Many-core architectures are omnipresent in today's modern life. They can be found in mobile phones, tablet computers, game consoles, laptops, desktop and server systems. Although, many-core systems are common in powerful mainstream systems, their core count is still in the lower tens and has not increased much over the last years. Truly massively parallel systems with core counts in the higher tens or even hundreds have only been seen so far in custom-made architectures for High Performance Computing systems or innovative new architectures from startup companies. Nevertheless, the core count has already reached acritical mass that shows the difficulty of increasing performance and reducing power. This requires careful orchestration of the many cores with efficient synchronization constructs such that they reduce the idle time of waiting cores and use power efficient synchronization operations.

In this paper we investigate the feasibility, usefulness and trade-offs of different synchronization mechanisms, especially fine-grain in-memory synchronization support, in a real-world large-scale many-core chip (IBM Cyclops-64).
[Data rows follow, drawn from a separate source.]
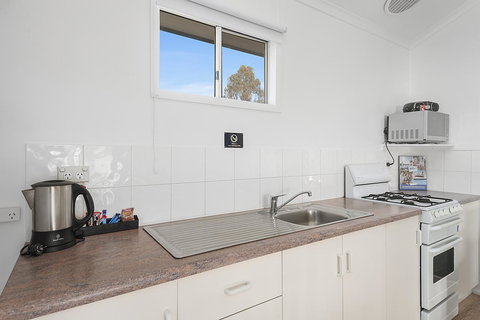 Port Broughton Tourist Park - Lennox Head Accommodation 39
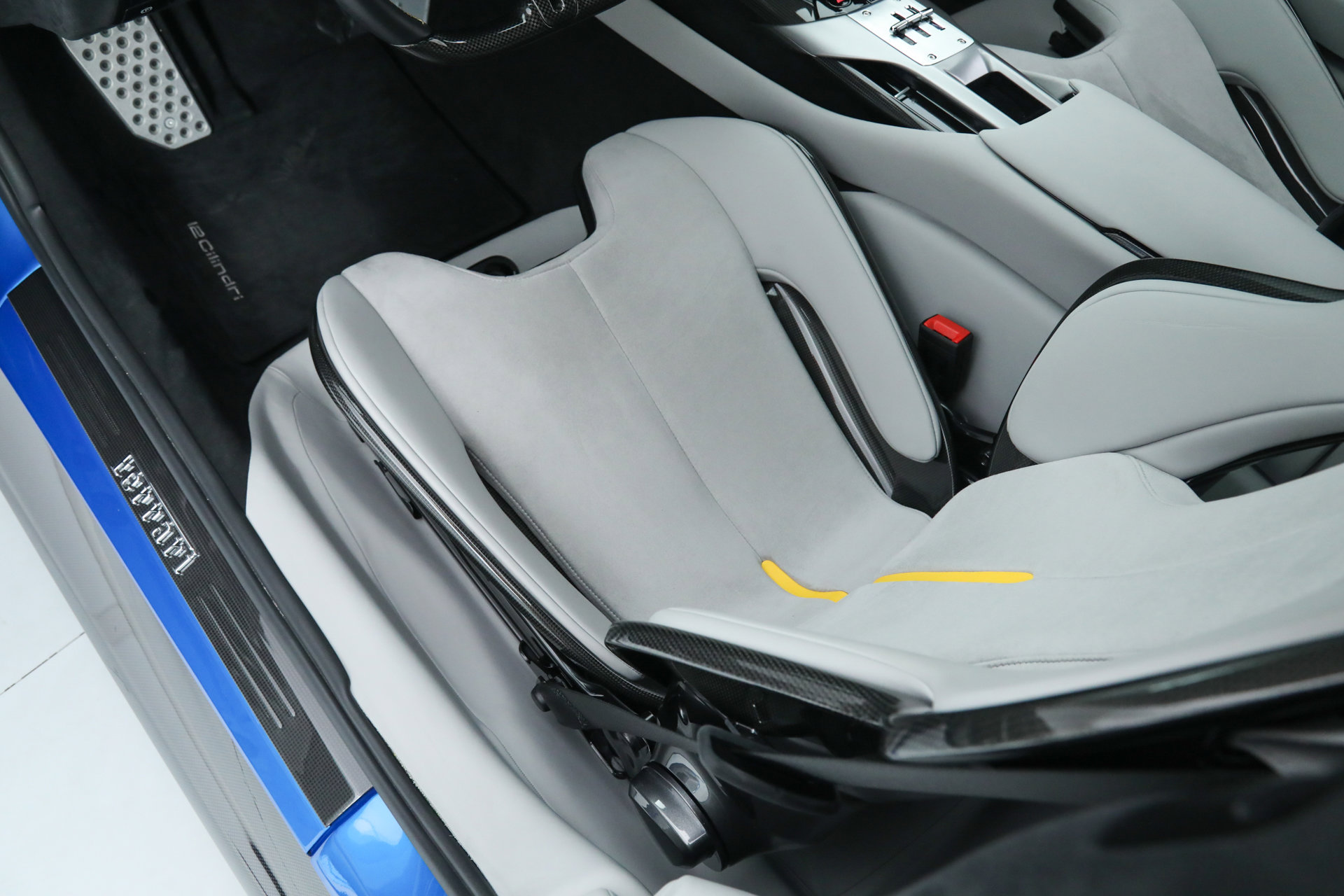 Certified 2025 Ferrari 12Cilindri image 26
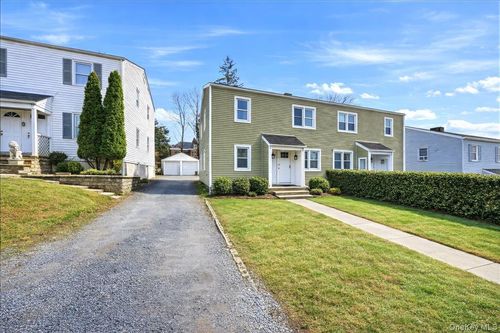 18 Vernon Terrace, Poughkeepsie, NY, 12601 | Card Image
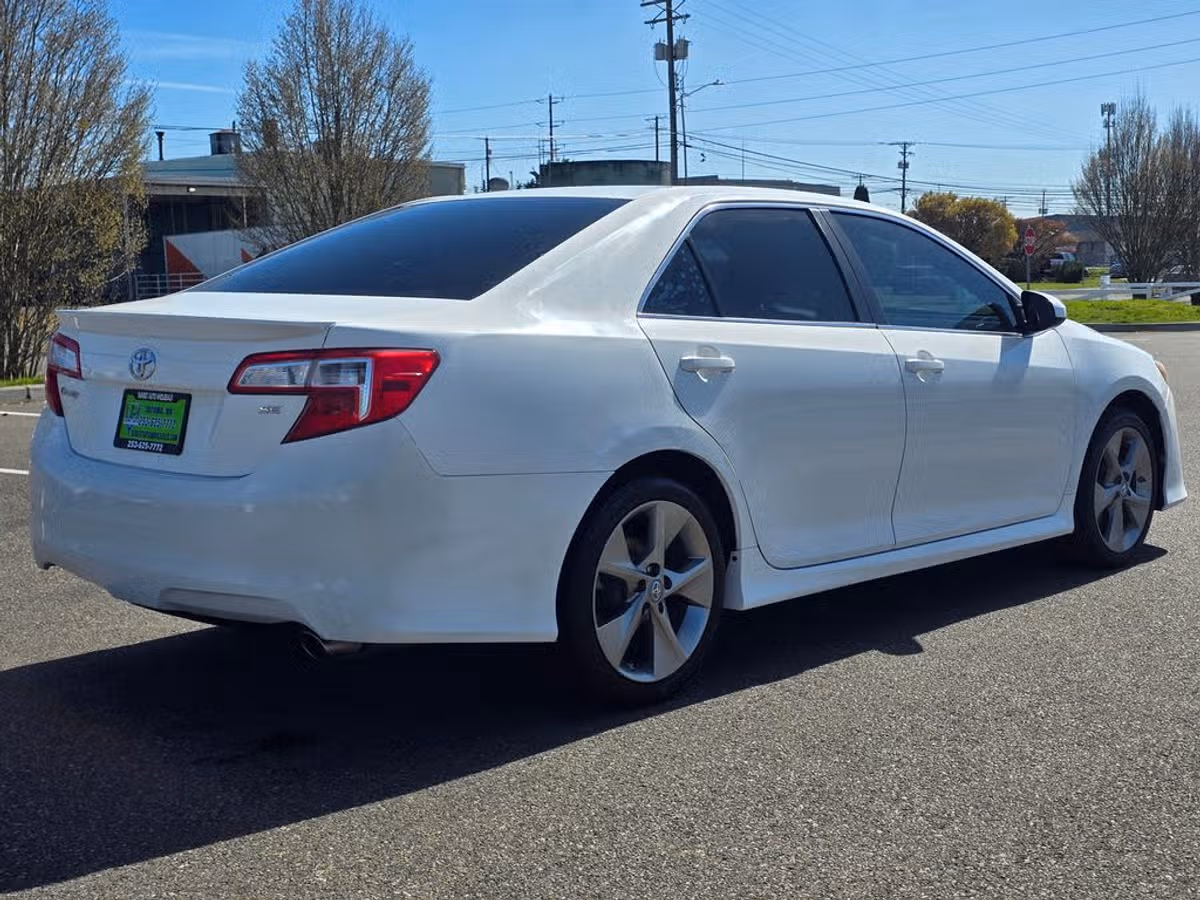 2014 Toyota Camry SE Sport Image 6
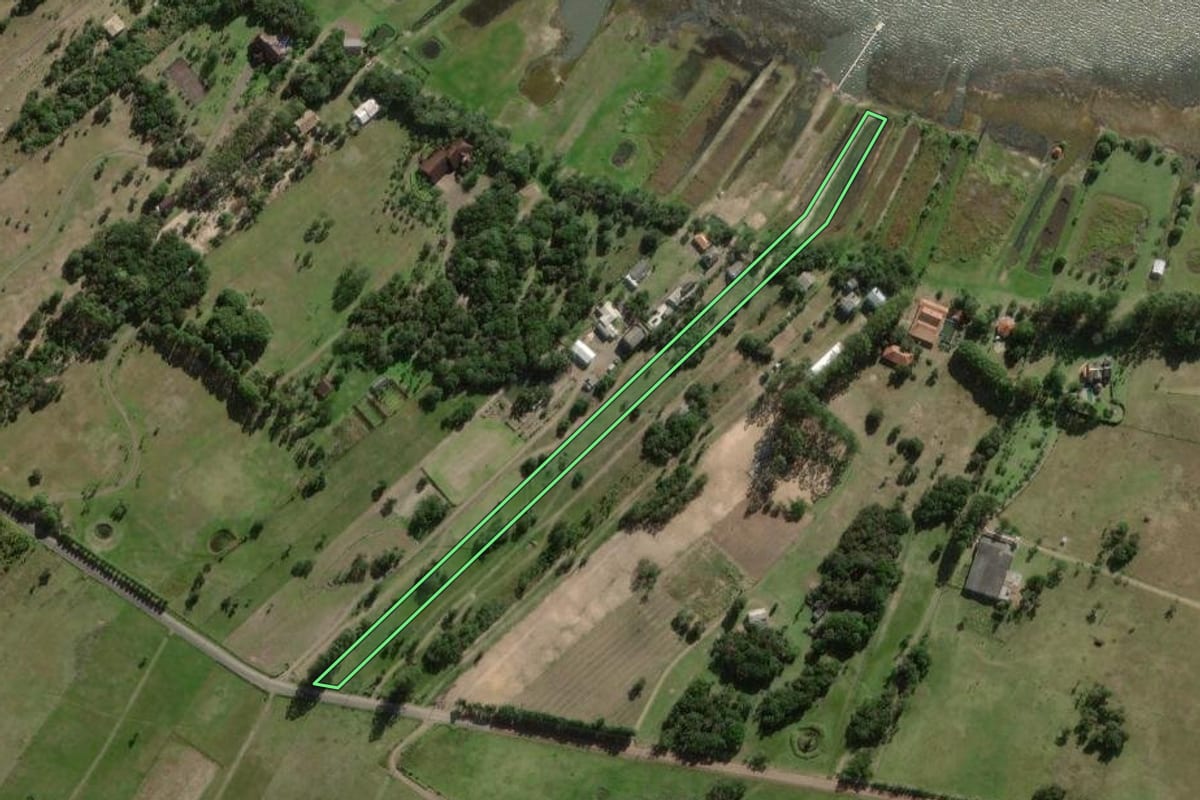 Imagem de satélite do imóvel rural em Osório (RS), com o contorno declarado no CAR desenhado por cima.
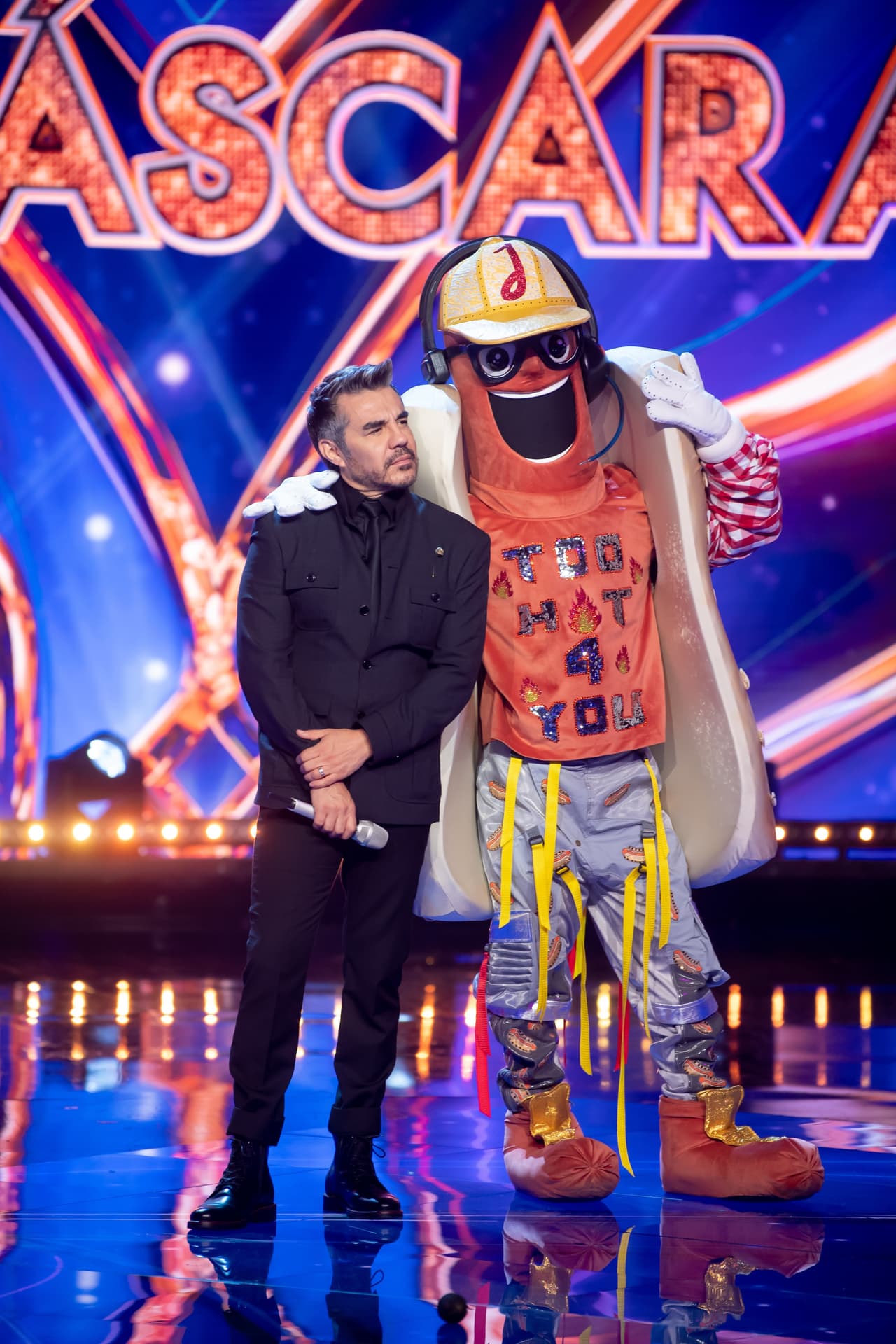 La primera vez que el conductor vio a Jocho aseguró que se trataba de Manuel Landeta. Sí su predicción fuera cierta, Juanpa tendría que raparse, pero si se equivocaba él tendría que aventarse en paracaídas con el 'influencer'.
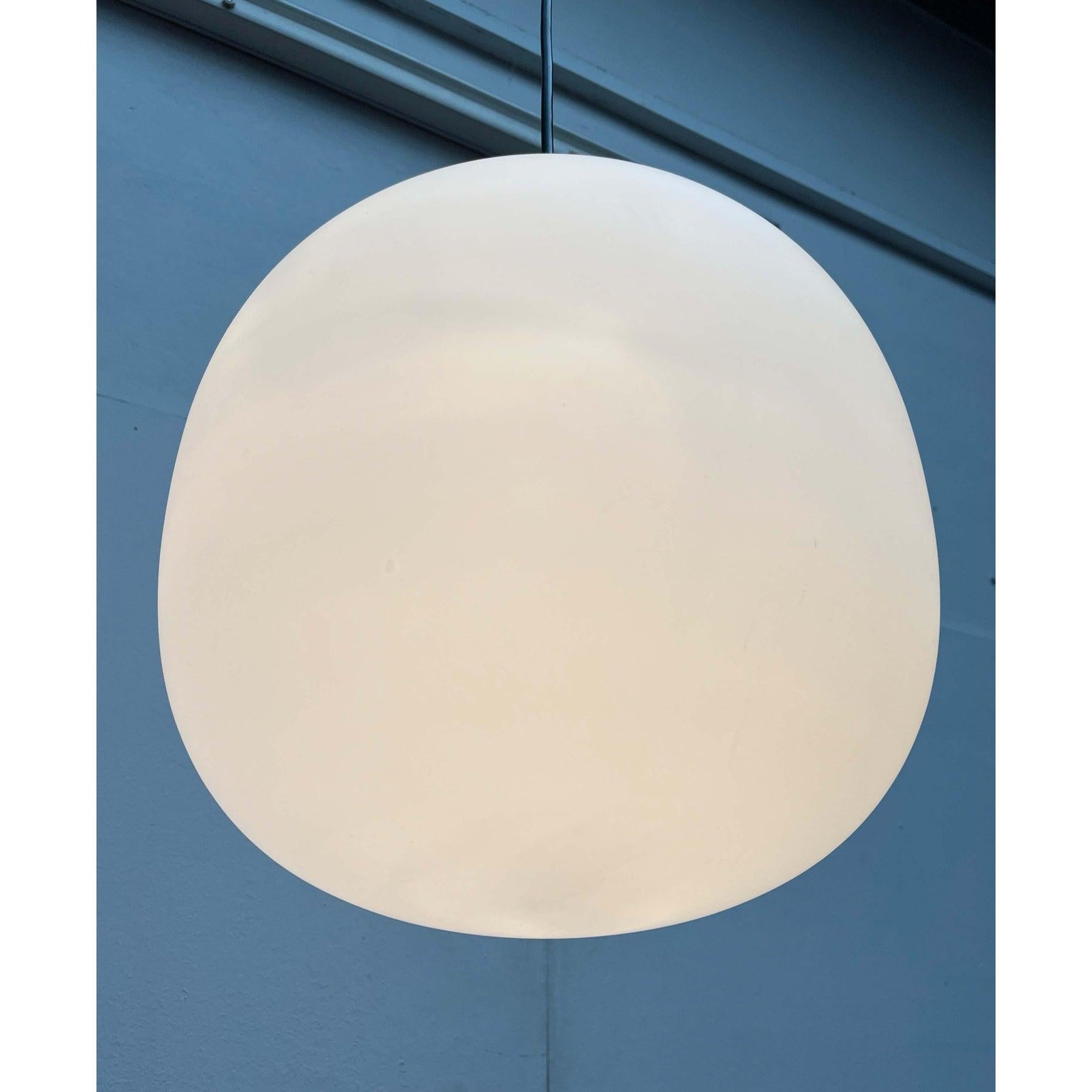Lampe suspendue minimaliste allemande en verre Ball and Ball de Glashütte Limburg, années 1970 en vente 2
We extended the original Cyclops-64 architecture design at the gate level to support the fine-grain in-memory synchronization features. We performed an in-depth study of a well-known kernel code: the wavefront computation. Several optimized versions of the kernel code were used to test the effects of different synchronization constructs using our chip emulation framework. Furthermore, we compared selected SPEC OpenMP kernel loops using these mechanisms against existing well-known software-based synchronization approaches.

In our wavefront benchmark study, the combination of fine-grain dataflow-like in-memory synchronization with non-strict scheduling methods yields a thirty percent improvement over the best optimized traditional synchronization method provided by the original Cyclops-64 design. For the SPEC OpenMP kernel loops, we achieved speeds of three to fourteen times the speed of software-based synchronization methods.